Detailed Description

Complete technical specification and implementation details from the patent document.

This disclosure generally relates to machine learning technologies. More specifically, the disclosed system and method relate to reducing the inference time of a neural network by reducing the data-loading latency.

Low latency and high throughput are essential requirements for ensuring the safety, reliability, and efficiency of autonomous vehicles operating in dynamic real-world environments. More specifically, the latency and throughput associated with the perception of the environment and the decision-making process can directly impact the system's ability to detect obstacles and react to changing traffic conditions, hazards, and unpredictable events.

Autonomous driving systems typically rely on machine learning models to perceive the environment and make decisions. With the development of sensor and machine learning technologies, learning models used in autonomous driving are trending toward larger and more complex models. As these models expand, managing vast amounts of data in a memory-constrained, real-time system becomes challenging.

Autonomous driving systems perform real-time inference (i.e., the process of applying a trained model to new data to make predictions or decisions), which can involve storing and accessing information (e.g., input, model parameters, activation tensors, etc.) from memory. For large models, external data storage units, such as Random-Access Memory (RAM) or Solid-State Drives (SSDs) are needed due to the limited size of the internal memory of the computing unit performing the inference. During inference, a massive amount of data needs to be transferred between the external data storage unit and the computing unit. For example, at the beginning of the interference, the computing unit can read input data and the model parameters (e.g., weights) from a storage unit (e.g., a Double Data Rate Synchronous Dynamic Random-Access Memory (DDR SDRAM) and store them in its internal memory (e.g., a static RAM (SRAM)). While performing the inference, the computing unit may spill intermediate results (e.g., activation tensors) from its memory to the external storage unit and read them back later when needed. After the inference, the computing unit can write the output data into the external storage unit.
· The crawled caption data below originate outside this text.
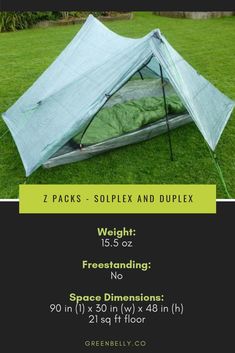 an image of a tent set up in the grass with instructions for how to use it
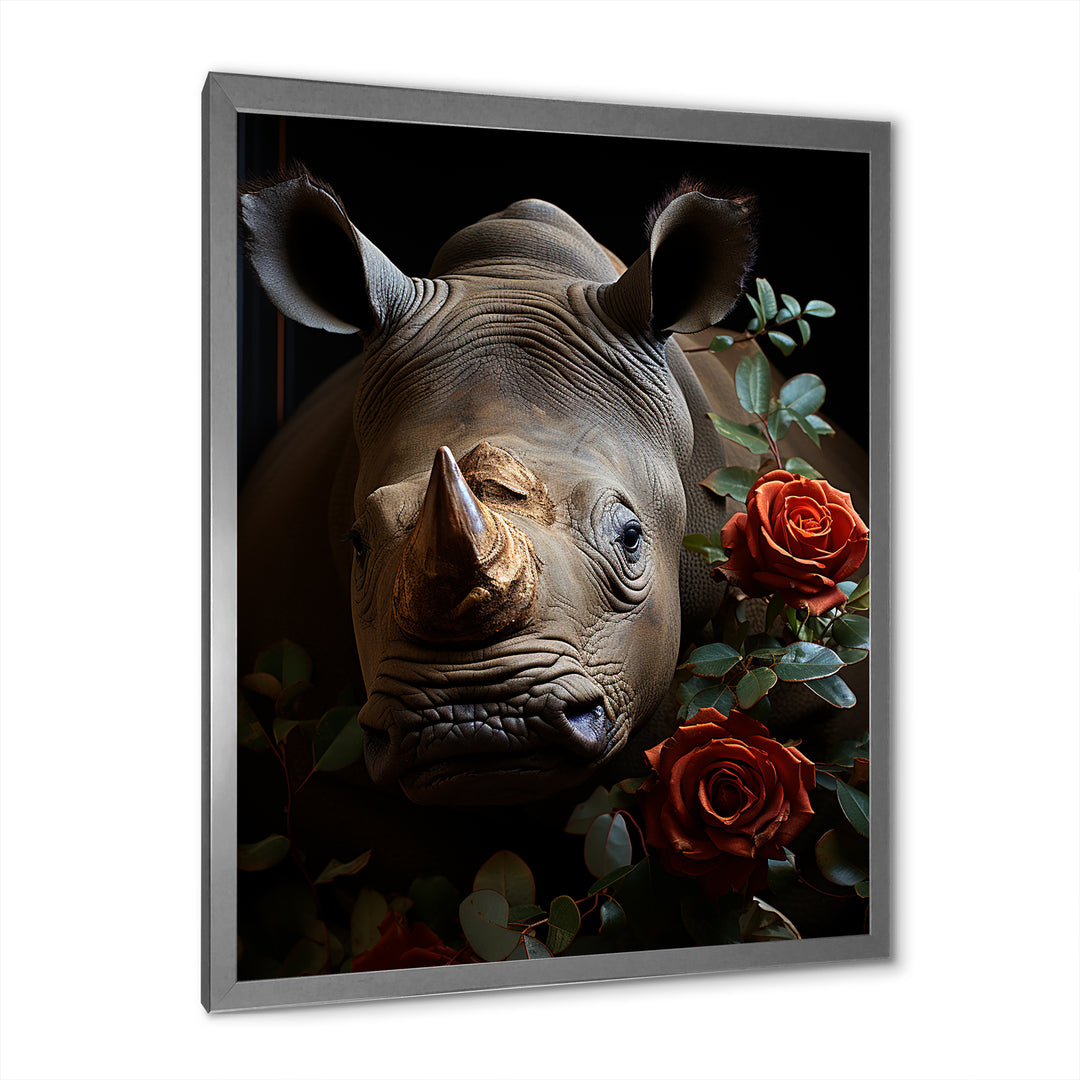 Rhinoceros Vibrant Portrait - Rhinoceros Living Room Wall Art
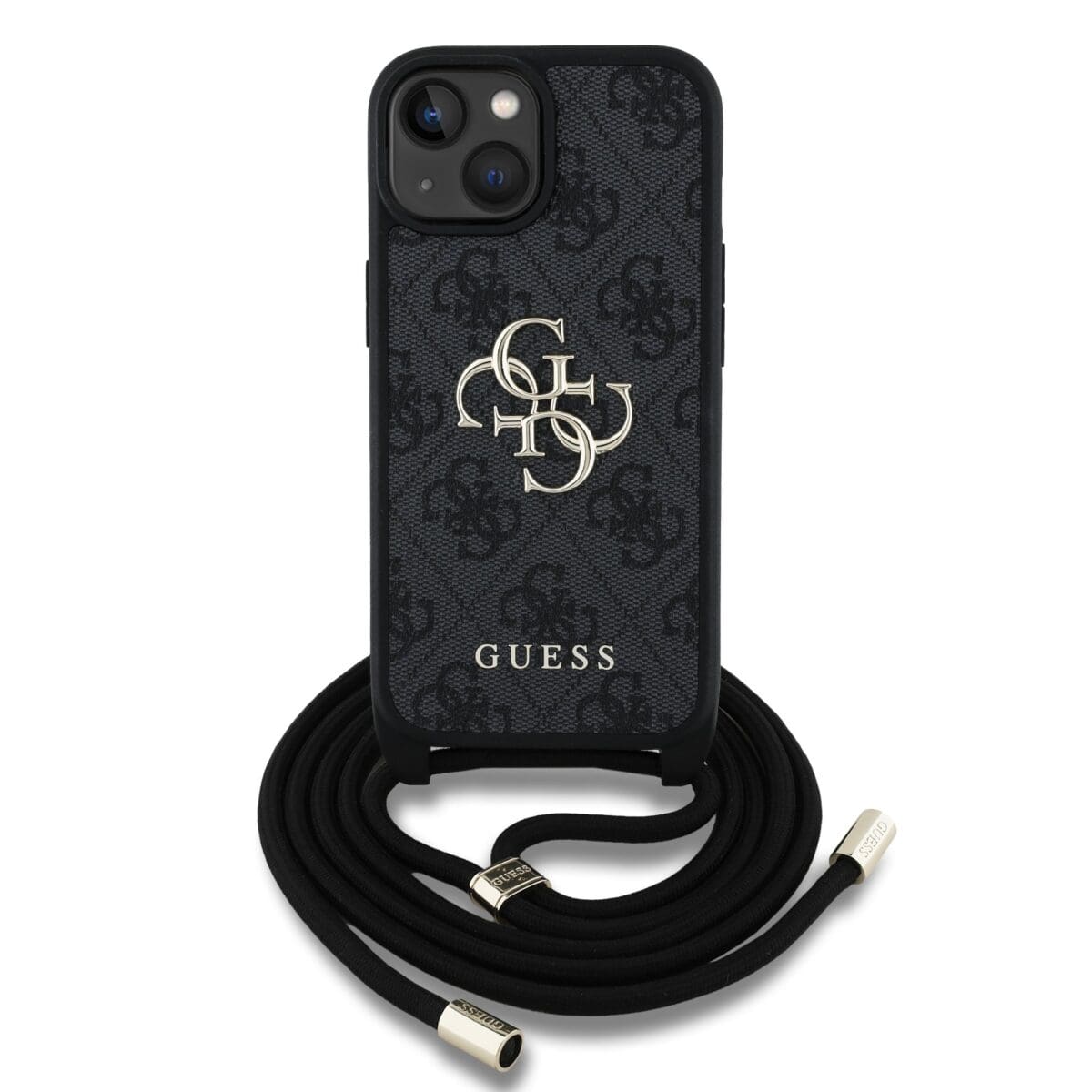 Guess PU 4G Metal Logo Crossbody Black Kryt iPhone 15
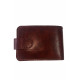 Кошелек кожаный миниатюрный вместительный цвет коньяк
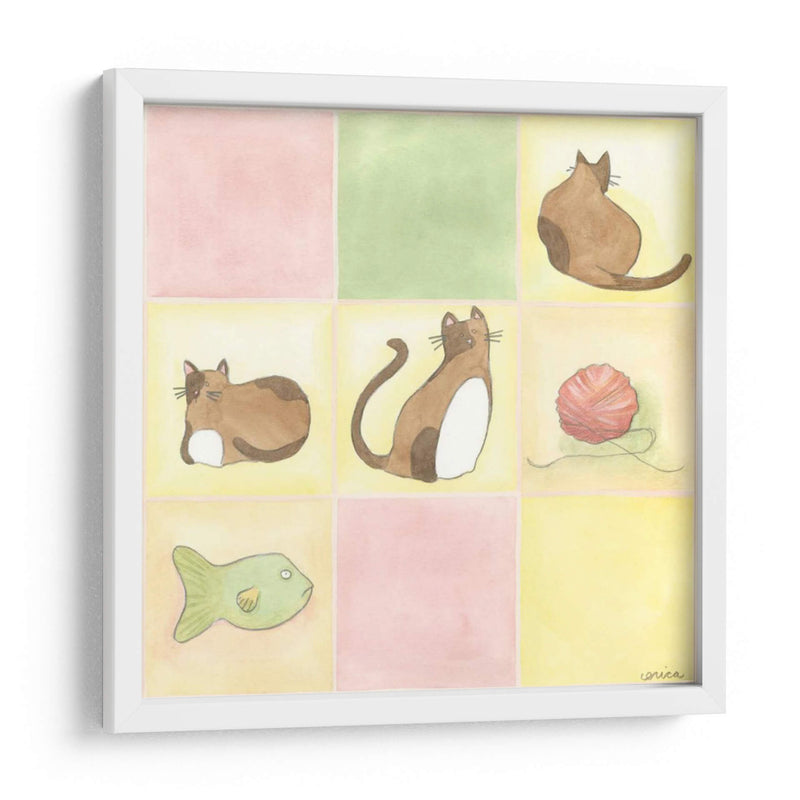 Tic-Tac Gatos En Rosa - June Erica Vess | Cuadro decorativo de Canvas Lab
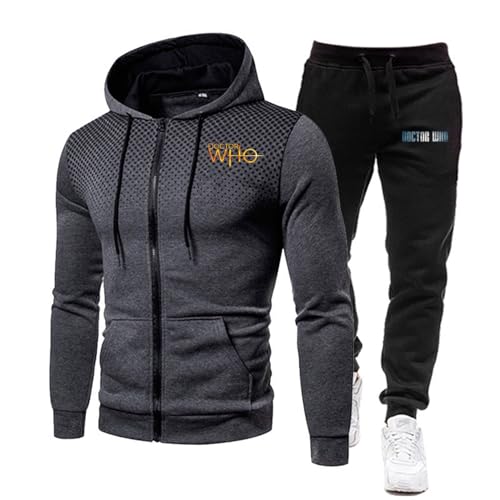 ZYHJZ Trainingsanzug-Sets für Herren mit Kapuze für Doctor Who, Jogging- und Sportanzug mit durchgehendem Reißverschluss, 2-teilig, sportliche Trainingsanzüge, Lounge-Sets für Teenager,Grey-S von ZYHJZ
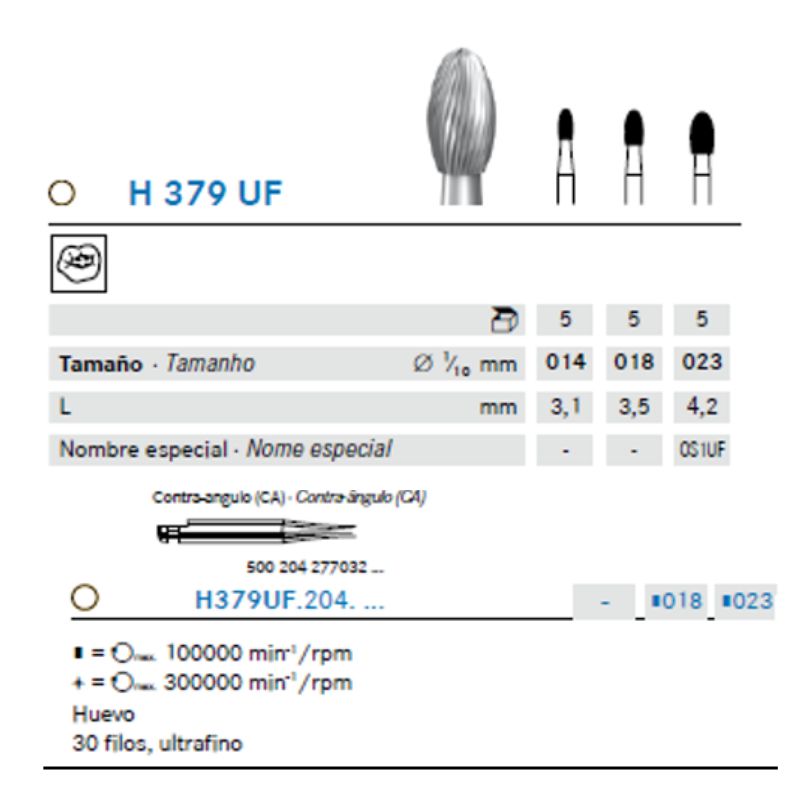 Fresa Carbide Huevo Acabado 30 Filos Ultrafino A/V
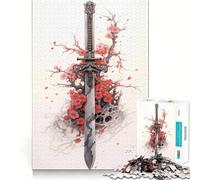 Rompecabezas difícil de Espada Katana samurái para Adultos, 1000 Piezas, Recall Boost Quiet Calm Smooth Cut Classic Gift (38x52cm)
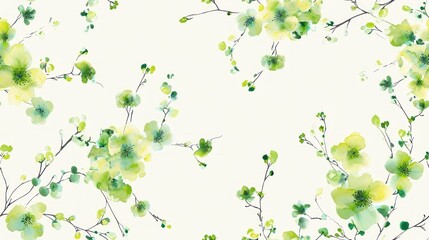  a watercolor painting of green and yellow flowers on a white background with green leaves on the top of the flowers.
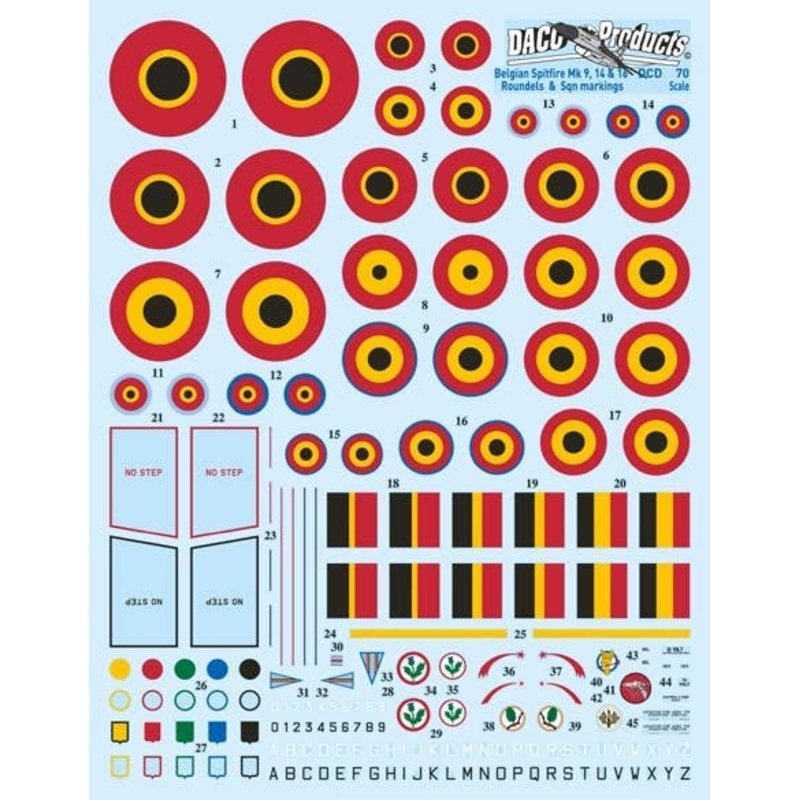 1/32 Spitfire Roundels Mk IX, Mk XIV & Mk XVI & Sqn Markings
Transferring large amounts of data between the computing unit's internal memory and the external storage unit can introduce long delays, especially in situations of limited bandwidth.

One embodiment can provide a system and method for reducing inference latency of an artificial intelligence (AI) system. During operation, the system can obtain an AI model and compile the AI model to generate at least one Directed Acyclic Graph (DAG), which comprises determining an offset address associated with a piece of intermediate data to be transferred from a primary memory shared among multiple AI accelerators to a secondary memory. The AI accelerators, the primary memory, and the secondary memory are located on the same system on a chip (SoC). The system can then schedule computing tasks for the inference, which comprises determining a base address associated with the DAG in the secondary memory; and perform the inference, which comprises transferring the piece of intermediate data from the primary memory to the secondary memory based on the offset address and the base address.

In a variation on this embodiment, the primary memory or the secondary memory includes a static random-access memory (SRAM).

In a variation on this embodiment, receiving the AI model can include storing weight files associated with the AI model in an off-chip memory.

In a further variation, the system can preload, prior to the inference, at least a portion of the weight files from the off-chip memory into the secondary memory, thereby reducing the inference latency resulting from loading the weight files into the primary memory to allow the multiple AI accelerators to perform computations based on the weight files.

In a further variation, the system can preload one or more weight files associated with a second model into the secondary memory.

In a variation on this embodiment, performing the inference can include loading weight files associated with the DAG into the primary memory, and loading the weight files can include skipping a weight file that pre-exists in the primary memory.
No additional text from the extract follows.